If you are not familiar with
Bivariate Regression or standard
Multiple Regression, then I strongly recommend returning to those previous
tutorials and reviewing them prior to reviewing this tutorial.
Multiple Linear Regression
while evaluating the influence of a covariate.
Multiple regression simply refers to a regression model with multiple
predictor variables. Multiple regression, like any regression analysis, can have a couple of different purposes.
Regression can be used for prediction or determining variable importance, meaning how are two or
more variables related in the context of a model. There are a vast number of
types and ways to conduct regression. This tutorial will focus exclusively on
ordinary least squares (OLS) linear regression. As with many of the tutorials on
this web site, this page should not be considered a replacement for a good
textbook, such as:
Pedhazur, E. J. (1997). Multiple regression in behavioral research:
Explanation and prediction (3rd ed.). New York: Harcourt Brace.
For the duration of this tutorial, we
will be using
Standard Multiple Regression. Standard multiple regression is
perhaps one of the most popular statistical analysis. It is extremely
flexible and allows the researcher to investigate multiple variable
relationships in a single analysis context. The general interpretation of
multiple regression involves: (1) whether or not the regression model is
meaningful, (2) which variables contribute meaningfully to the model. The first
part is concerned with model summary statistics (given the assumptions are met), and
the second part is concerned with evaluating the predictor variables (e.g. their
Assumptions: Please notice the mention of assumptions above.
Regression also likely has the distinction of being the most frequently abused
statistical analysis, meaning it is often used incorrectly. There are many
assumptions of multiple regression analysis. It is strongly urged that one
consult a good textbook to review all the assumptions of regression, such as
Pedhazur (1997). However, some of the more frequently violated assumptions will
be reviewed here briefly. First, multiple regression works best under the
condition of proper model specification; essentially, you should have all the
important variables in the model and no un-important variables in the model.

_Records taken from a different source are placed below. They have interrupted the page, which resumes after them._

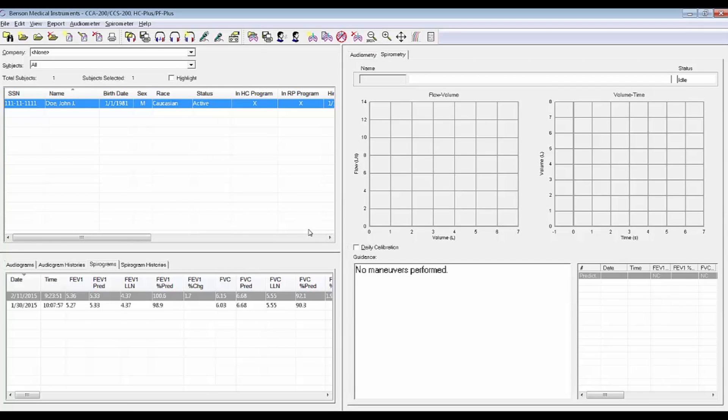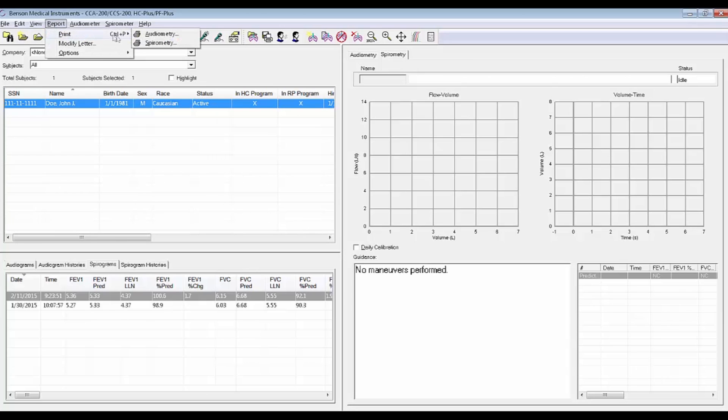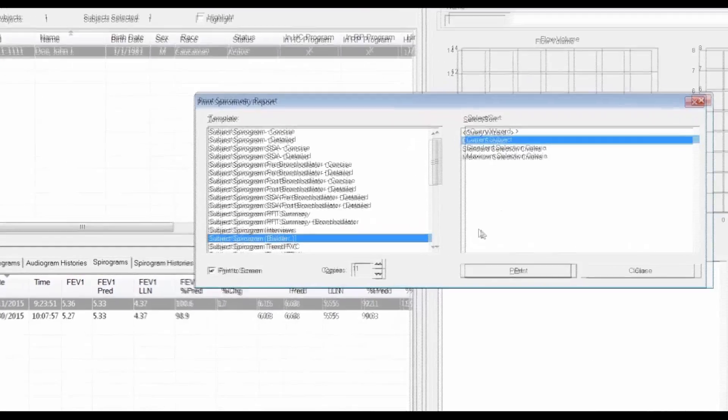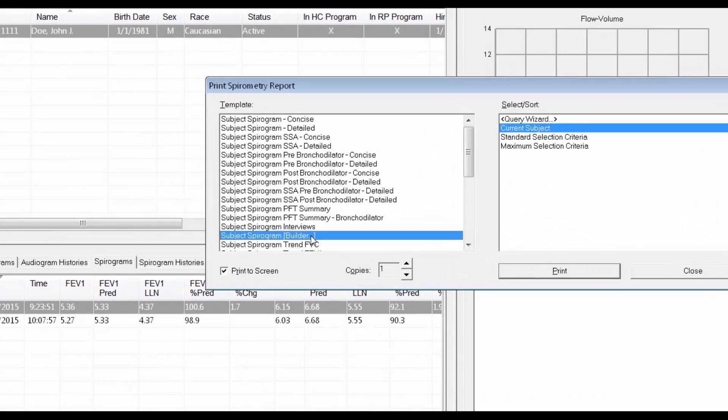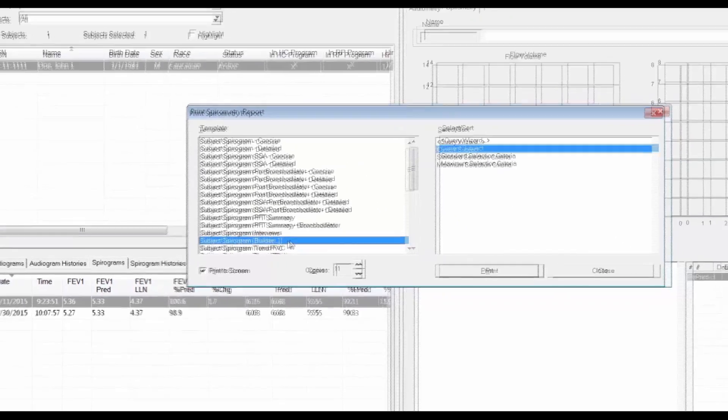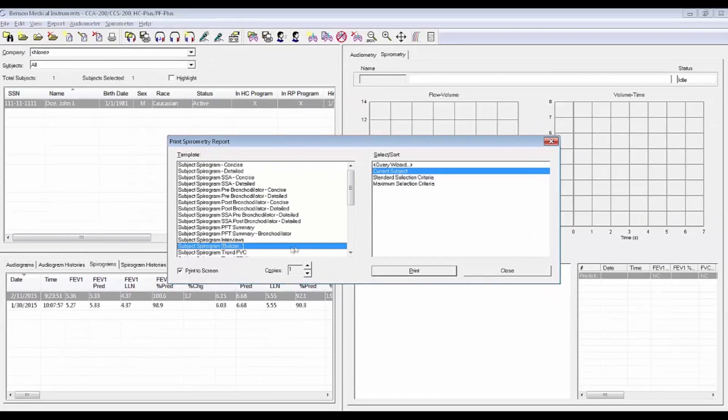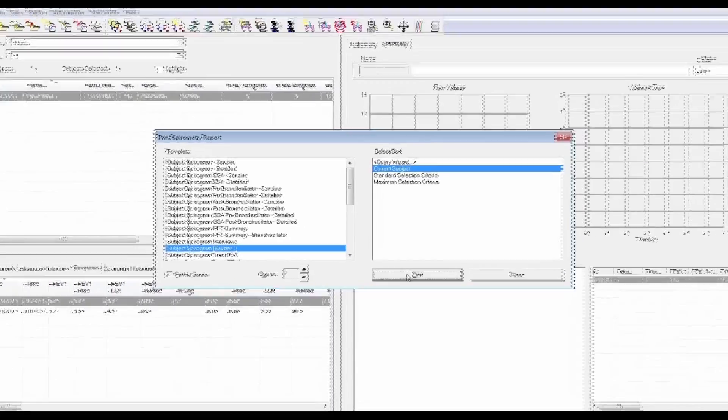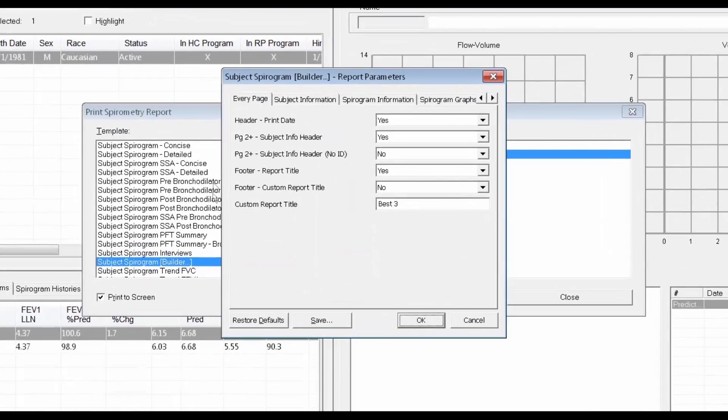Now we know that the CCS200 Plus can display graphs on reports any way you want. These choices are made in the Report Builder feature. We won't go over all the features of the Report Builder in this video, just how to select graph options for a new report.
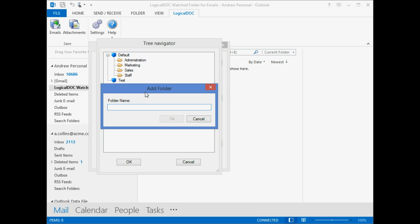We can create a new folder, let's say LogicalDoc Watched Folder, and then select it.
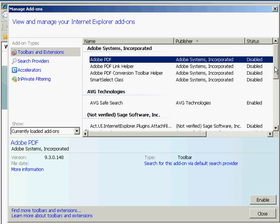You can search through here and see different plugins that you may not know are even on your browser that may be slowing you down, or things that you do know are there that maybe you don't want to have, and you can easily disable them.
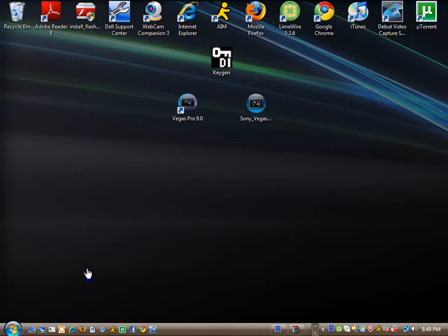Hey James, here to bring you a tutorial on how to get Sony Vegas Pro 9 for free.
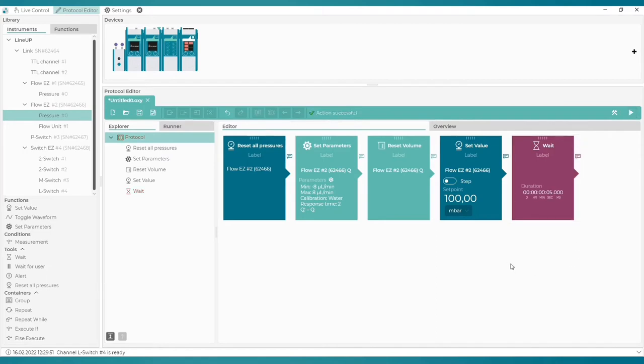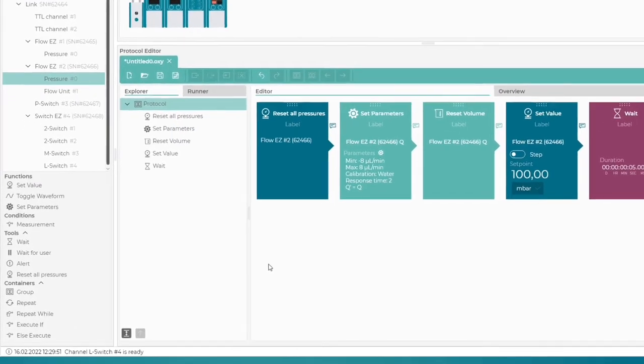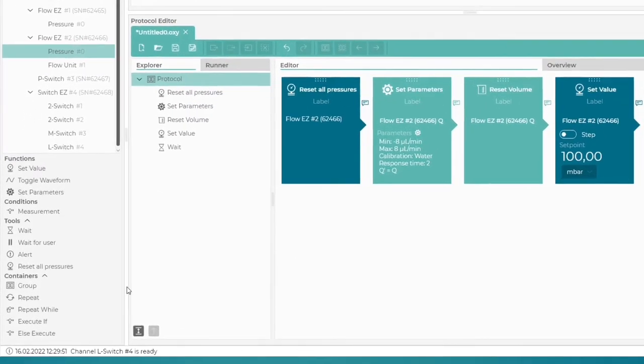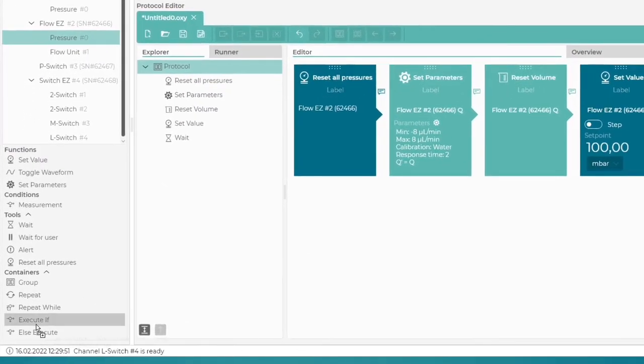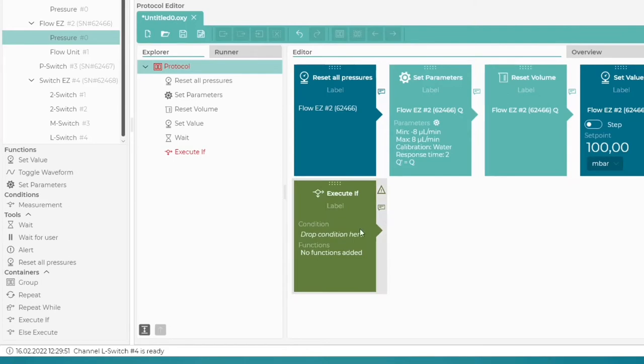Now after the system has been running for five seconds, we will check our conditions. Let's introduce the first one using execute if. Once the block is added to the protocol, we can see that it consists of one condition and multiple functions. These will be executed only if the defined condition is true.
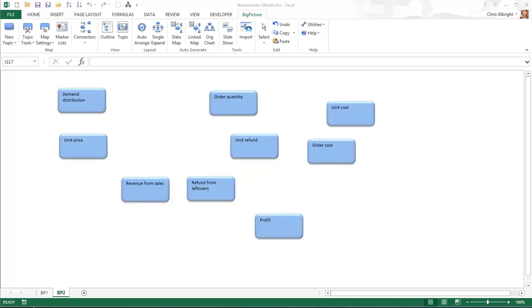The map creation process itself is quite straightforward, at least if you plan ahead. You might want to sketch a plan on a piece of paper first, just so that you have some idea which topics to include and their general layout on the map. Then you can use big picture tools, as well as Excel's own tools, to create and fine tune your map in Excel. I won't show all of the details for this map, but I will illustrate the main operations.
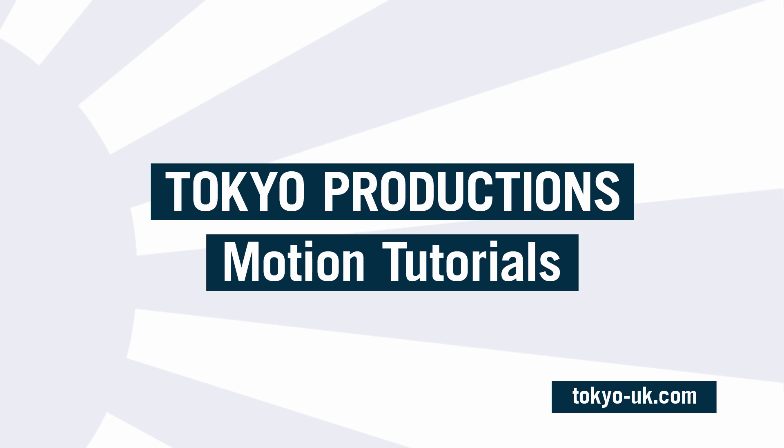Hi, this is Simon from Tokyo Productions and welcome to another tutorial for Motion 5. Today we're going to be looking at creating another volumetric lighting effect that looks something like this.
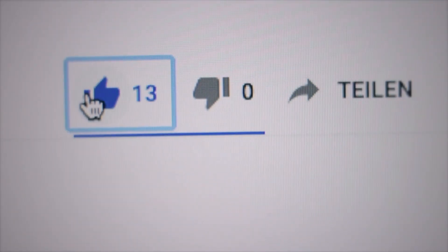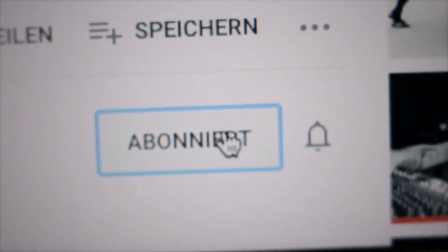If you liked the video, make sure to hit the like button, subscribe to our channel, and see you in the next video. Booyah! Bye.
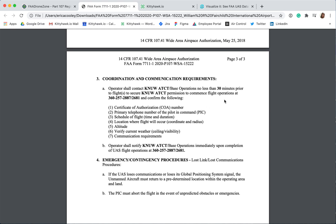The final section is Emergency and Contingency Procedures. This lists the required procedures in case of a lost link or lost communications with your drone. These provisions state that if the UAS loses communications or loses its GPS signal, the unmanned aircraft must return to a predetermined location within the operating area and land, and that the pilot in command must abort the flight in the event of unpredicted obstacles or emergencies.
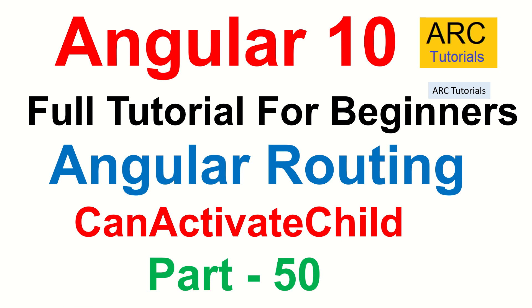Hi friends, welcome back to ARC Tutorials. This is Angular 10 full tutorial series for absolute beginners. We are continuing to learn about angular routing, and in that specially we are learning about the route guards. In the last episode we learnt about CanActivate interface.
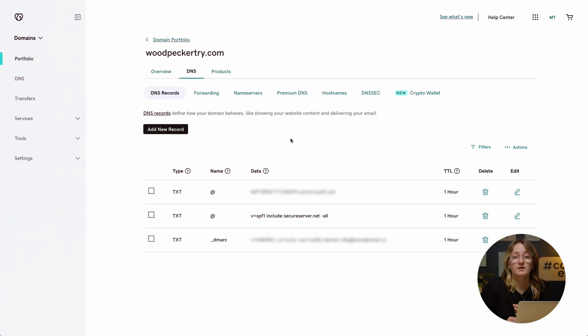A lot of Woodpecker users have their domain bought from GoDaddy. If setting up SPF, DKIM, and DMARC feels challenging, don't worry — I'm here to walk you through setting up each of these records.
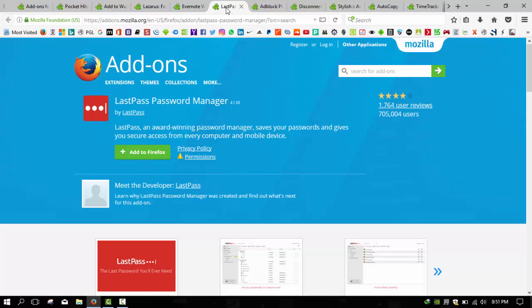Throwing all your passwords into a password manager isn't as difficult as it sounds. It will create secure passwords for you, log you in automatically, and you can access them all really easily if you need to manually enter them yourself.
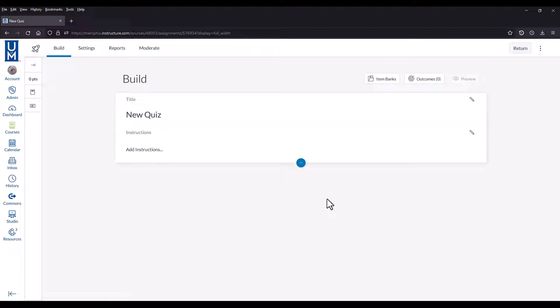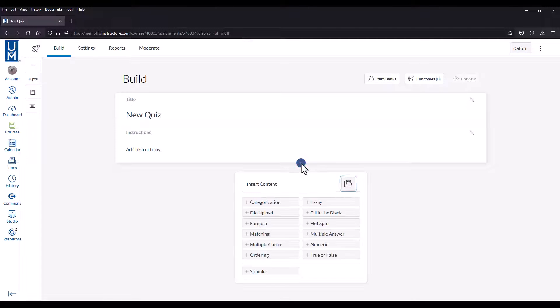To start, get to the build screen of the new quiz. Then select the blue plus button at the bottom of the quiz. Click it, and then select the button that looks like a folder with a document in it. This is the item banks button.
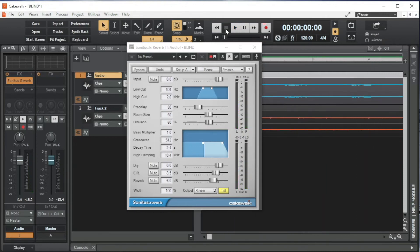I usually set high damping to match the High Cut, so about 2kHz.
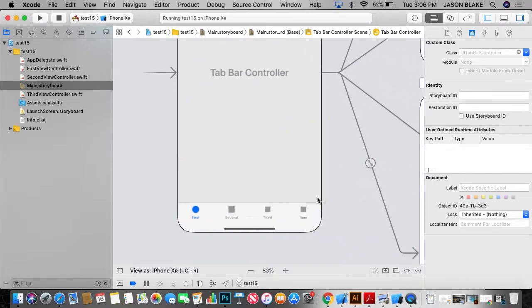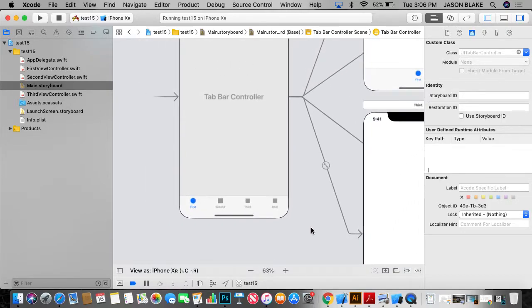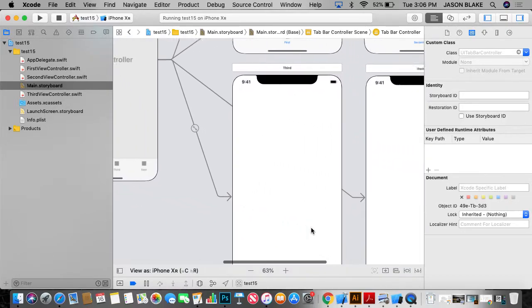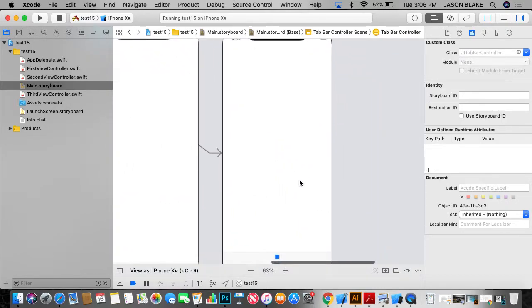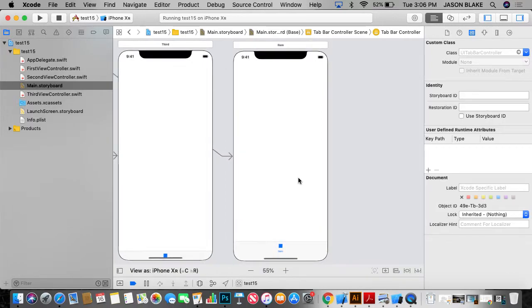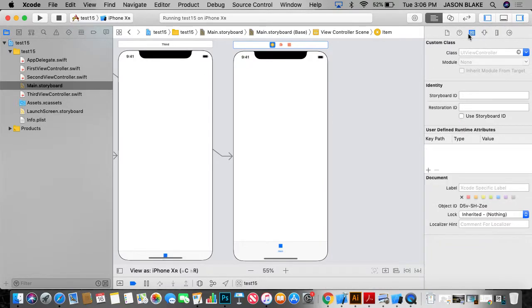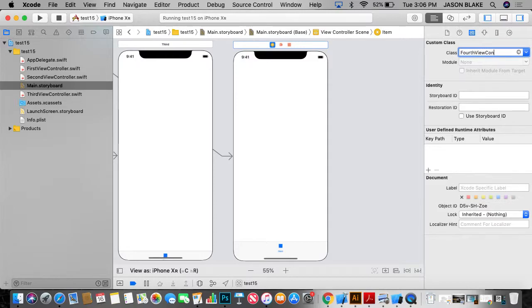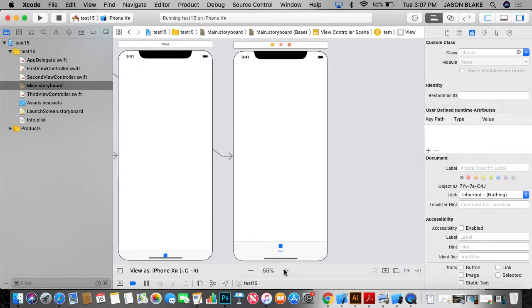If you look, we have a button. It says item. Alright. So now we're going to change our button. This is item to something else. And I can click here. And I am going to turn this into fourth view controller. And I'll name that.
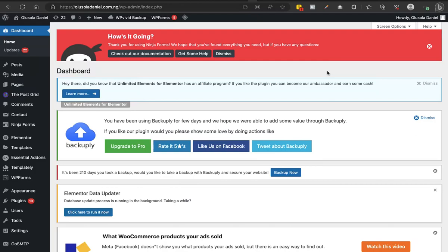I keep backups on the web server and then download them from the web server to my own computer. I can't just leave them on the web server — if anything happens to the web server I'm going to lose all my backup files. So whenever I back up, I download them to my computer. I had backed up the website before I had issues with it, because I back up regularly. It was one of those good times that I had a backup before the issue hit.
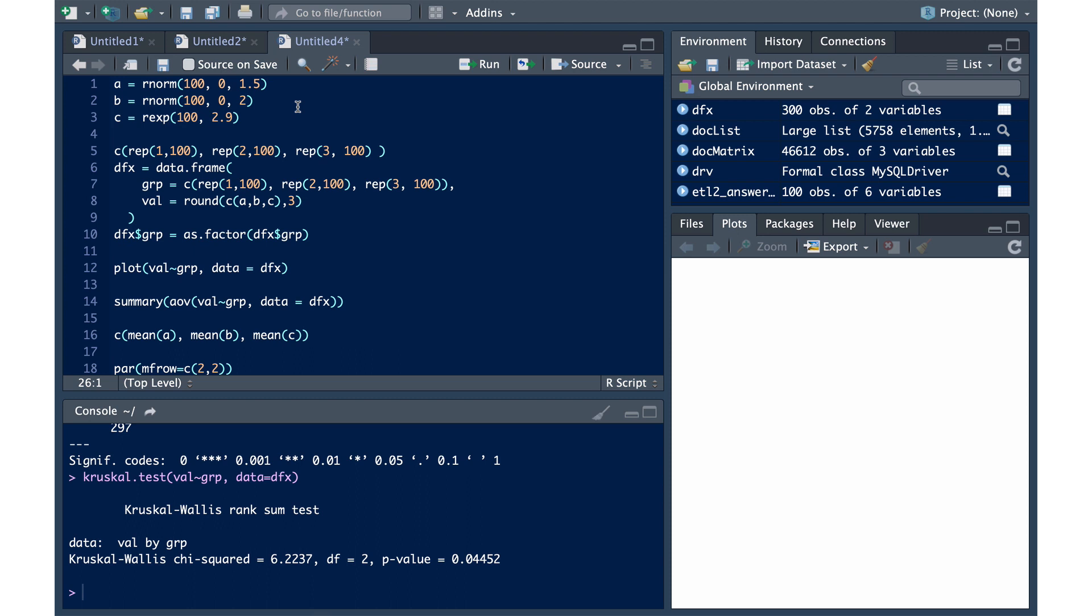So recently we received a question about whether or not you need to test for normality of groups if you have a large sample size of say 300 when running an ANOVA test.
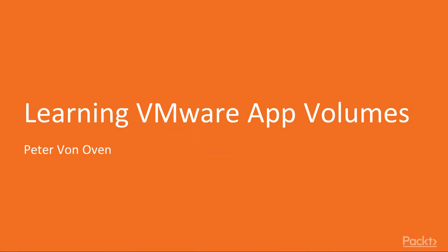Hi and welcome to the course Learning VMware App Volumes by PACT. This course will be presented by Peter von Oven, VMware expert, and he will be your guide on this exciting learning journey.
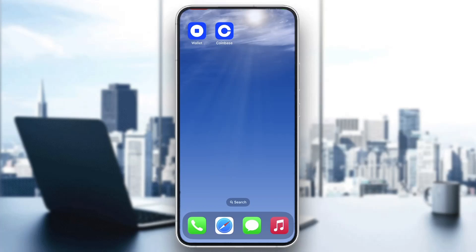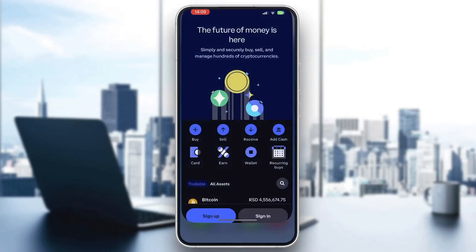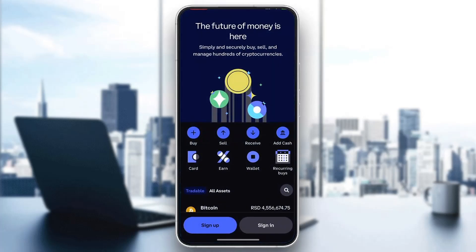The first thing you want to do is open up the official Coinbase application on your mobile phone. After opening up the application, you'll be greeted by the main page where you can either sign up for a new account if you don't already have one, or sign in to an existing one.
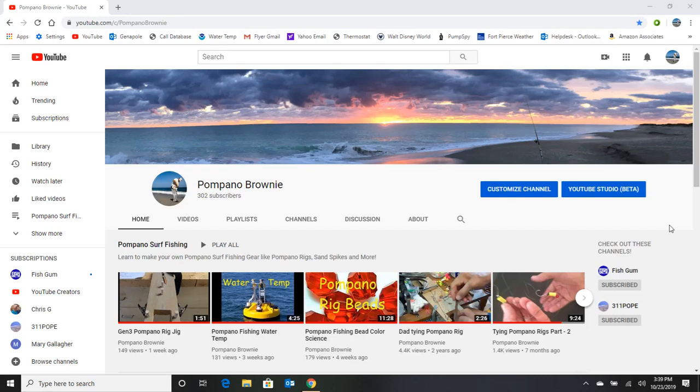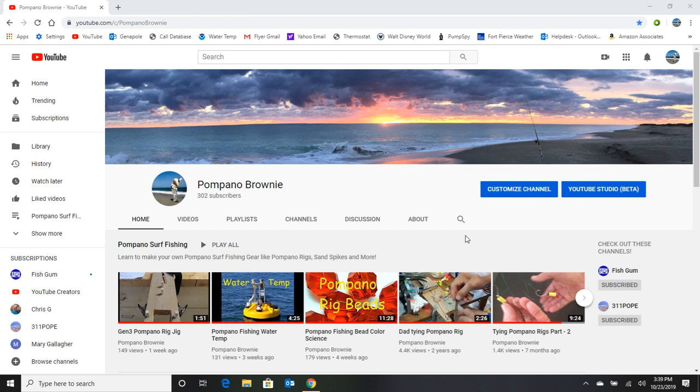Okay surf fishermen, this is a big thank you to all of you. This thing started out a couple years ago, and here we are at 300 subscribers. I sure appreciate it, and to show my appreciation...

Literature reviews on the theory and variables of interest pay big dividends
when conducting regression. Second, regression works best when there is a lack
of multicollinearity. Multicollinearity is a big fancy word for: your predictor
variables are too strongly related, which degrades regression's ability to
discern which variables are important to the model. Third, regression is
designed to work best with linear relationships. There are types of regression
specifically designed to deal with non-linear relationships (e.g. exponential,
cubic, quadratic, etc.); but standard multiple regression using ordinary least
squares works best with linear relationships. Fourth, regression is designed to
work with continuous or nearly continuous data. This one causes a great deal of
confusion, because 'nearly continuous' is a subjective judgment. A 9-point
Likert response scale item is NOT a continuous, or even nearly continuous,
variable. Again, there are special types of regression to deal with different
types of data, for example, ordinal regression for dealing with an ordinal
outcome variable, logistic regression for dealing with a binary dichotomous
outcome, multinomial logistic regression for dealing with a polytomous outcome
variable, etc. Furthermore, if you have one or more categorical predictor
variables, you cannot simply enter them into the model. Categorical predictors
need to be coded using special strategies in order to be included into a
regression model and produce meaningful interpretive output. The use of dummy
coding, effects coding, orthogonal coding, or criterion coding is appropriate
for entering a categorical predictor variable into a standard regression model.
Again, a good textbook will review each of these strategies--as each one lends
itself to particular purposes. Fifth, regression works best when outliers are
not present. Outliers can be very influential to correlation and therefore,
regression. Thorough initial data analysis should be used to review the data,
identify outliers (both univariate and multivariate), and take appropriate
action. A single, severe outlier can wreak havoc in a multiple regression
analysis; as an esteemed colleague is fond of saying...know thy data!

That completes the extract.